Rafael Alonso, por ejemplo, otro actor enorme, estuvo durante casi toda una comida comentándome la maestría de Saza, con ejemplos concretos de películas y obras de teatro: con sólo el modo en que posa la mano sobre el hombro de otro actor, es capaz de transmitir todo el carácter de su personaje.

Berlanga repasa una escena con Chus Lampreave y José Sazatornil ‘Saza’. Foto: Colección Rafael
Maluenda.

El mismo Luis es un admirador absoluto de Saza.

–Es un actor prodigioso. Con nadie me he reído tanto como con él; y da igual en qué papel o en qué película, yo me rindo a lo grande que es. Eso sí, cámbiale una palabra del texto y se pierde, porque lo ha memorizado todo exhaustivamente.

Así comprendo por qué, a punto de cada toma, Saza se mueve en un rincón pasando texto, murmurando los diálogos. A veces, Luis le cambia deliberadamente alguna palabra, o la frase que le da el pie, porque quiere mantenerle en guardia.

Luis tiene una admiración completa por esa generación de actores que son espectaculares –muchos de ellos cabeza de compañía teatral– capaces de hacer cualquier cosa y que, no obstante, tienen la generosidad de aceptarle un papel de una o dos secuencias cuando les llama para una película. Algo que, lamentablemente –dice– ya casi se ha perdido.

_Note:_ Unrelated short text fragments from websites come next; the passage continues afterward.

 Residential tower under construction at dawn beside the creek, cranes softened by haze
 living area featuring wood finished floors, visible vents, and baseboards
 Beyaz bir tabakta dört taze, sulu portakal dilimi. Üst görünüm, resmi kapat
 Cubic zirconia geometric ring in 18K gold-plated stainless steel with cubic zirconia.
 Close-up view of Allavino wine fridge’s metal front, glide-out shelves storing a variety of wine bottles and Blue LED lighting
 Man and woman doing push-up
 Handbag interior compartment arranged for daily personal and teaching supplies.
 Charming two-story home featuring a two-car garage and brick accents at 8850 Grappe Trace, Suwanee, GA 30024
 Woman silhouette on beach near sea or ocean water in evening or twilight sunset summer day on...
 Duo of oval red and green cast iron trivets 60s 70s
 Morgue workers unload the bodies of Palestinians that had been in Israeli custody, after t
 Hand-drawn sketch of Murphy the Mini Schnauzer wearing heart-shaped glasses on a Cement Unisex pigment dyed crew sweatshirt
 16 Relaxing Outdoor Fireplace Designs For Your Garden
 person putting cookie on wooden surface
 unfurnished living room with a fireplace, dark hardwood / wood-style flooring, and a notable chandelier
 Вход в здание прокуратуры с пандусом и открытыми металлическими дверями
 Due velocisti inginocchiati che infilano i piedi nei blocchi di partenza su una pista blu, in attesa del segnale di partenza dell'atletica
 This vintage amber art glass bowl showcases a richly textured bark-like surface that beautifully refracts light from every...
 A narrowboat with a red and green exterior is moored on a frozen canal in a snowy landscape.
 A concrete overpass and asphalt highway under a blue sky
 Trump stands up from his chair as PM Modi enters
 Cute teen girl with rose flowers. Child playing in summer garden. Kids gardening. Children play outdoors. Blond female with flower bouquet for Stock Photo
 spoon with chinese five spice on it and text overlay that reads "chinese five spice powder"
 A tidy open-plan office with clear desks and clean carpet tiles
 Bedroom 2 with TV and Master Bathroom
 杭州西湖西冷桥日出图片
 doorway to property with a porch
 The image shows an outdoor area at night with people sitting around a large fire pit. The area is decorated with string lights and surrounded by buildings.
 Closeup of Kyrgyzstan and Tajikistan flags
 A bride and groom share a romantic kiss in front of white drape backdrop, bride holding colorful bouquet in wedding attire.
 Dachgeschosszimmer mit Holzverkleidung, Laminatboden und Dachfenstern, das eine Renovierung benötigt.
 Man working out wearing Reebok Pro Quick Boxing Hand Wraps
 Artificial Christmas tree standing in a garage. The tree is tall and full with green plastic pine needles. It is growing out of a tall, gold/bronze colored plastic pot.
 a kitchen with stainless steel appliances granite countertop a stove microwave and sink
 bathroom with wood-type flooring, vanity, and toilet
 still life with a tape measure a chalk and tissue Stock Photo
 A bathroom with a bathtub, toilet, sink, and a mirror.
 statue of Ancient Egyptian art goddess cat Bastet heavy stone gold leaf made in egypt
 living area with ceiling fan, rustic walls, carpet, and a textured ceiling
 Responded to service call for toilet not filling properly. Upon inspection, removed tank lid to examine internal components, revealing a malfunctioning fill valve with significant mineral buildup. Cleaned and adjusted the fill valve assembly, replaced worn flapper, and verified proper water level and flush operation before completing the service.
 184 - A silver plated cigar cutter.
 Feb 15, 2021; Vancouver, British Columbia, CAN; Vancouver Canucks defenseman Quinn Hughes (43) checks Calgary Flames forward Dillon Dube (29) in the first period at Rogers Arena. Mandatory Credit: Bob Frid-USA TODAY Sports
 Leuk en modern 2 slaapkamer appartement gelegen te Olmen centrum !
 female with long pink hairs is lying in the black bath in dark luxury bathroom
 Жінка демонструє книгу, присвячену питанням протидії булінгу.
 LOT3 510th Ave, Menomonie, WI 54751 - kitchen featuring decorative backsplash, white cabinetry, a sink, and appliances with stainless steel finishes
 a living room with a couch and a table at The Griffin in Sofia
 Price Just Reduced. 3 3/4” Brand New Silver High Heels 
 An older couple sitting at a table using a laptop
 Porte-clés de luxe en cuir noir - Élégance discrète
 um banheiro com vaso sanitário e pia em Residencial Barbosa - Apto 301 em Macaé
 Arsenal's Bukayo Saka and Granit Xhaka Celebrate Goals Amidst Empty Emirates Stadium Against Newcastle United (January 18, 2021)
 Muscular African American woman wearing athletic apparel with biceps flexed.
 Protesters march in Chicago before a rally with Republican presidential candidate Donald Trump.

Luis se rebela cuando a todos estos actores se les llama secundarios. ¡Ni hablar! Su papel, aunque muchas veces corto, es esencial en la película. Aportan una credibilidad insuperable.

Luis prefiere hablar de actores característicos, o de actores genéricos, una gran escuela entre los cómicos españoles para la que no encuentra repuesto en sus nuevas películas; porque José Isbert, Amelia de la Torre, Alberto Romea, Julia Caba Alba, José Orjas, Félix Fernández, Antonio Riquelme, Guadalupe Muñoz Sampedro, Juan Calvo… han ido desapareciendo, y no hay continuidad para ese tipo de actor. Quedan varios, aún, en ‘Todos a la cárcel’.

Rafael Alonso, José Sazatornil ‘Saza’, Rafael Maluenda, Manuel Alexandre y (de espaldas) Juan Luis Galiardo en el rodaje de ‘Todos a la cárcel’. Foto: Colección Rafael Maluenda.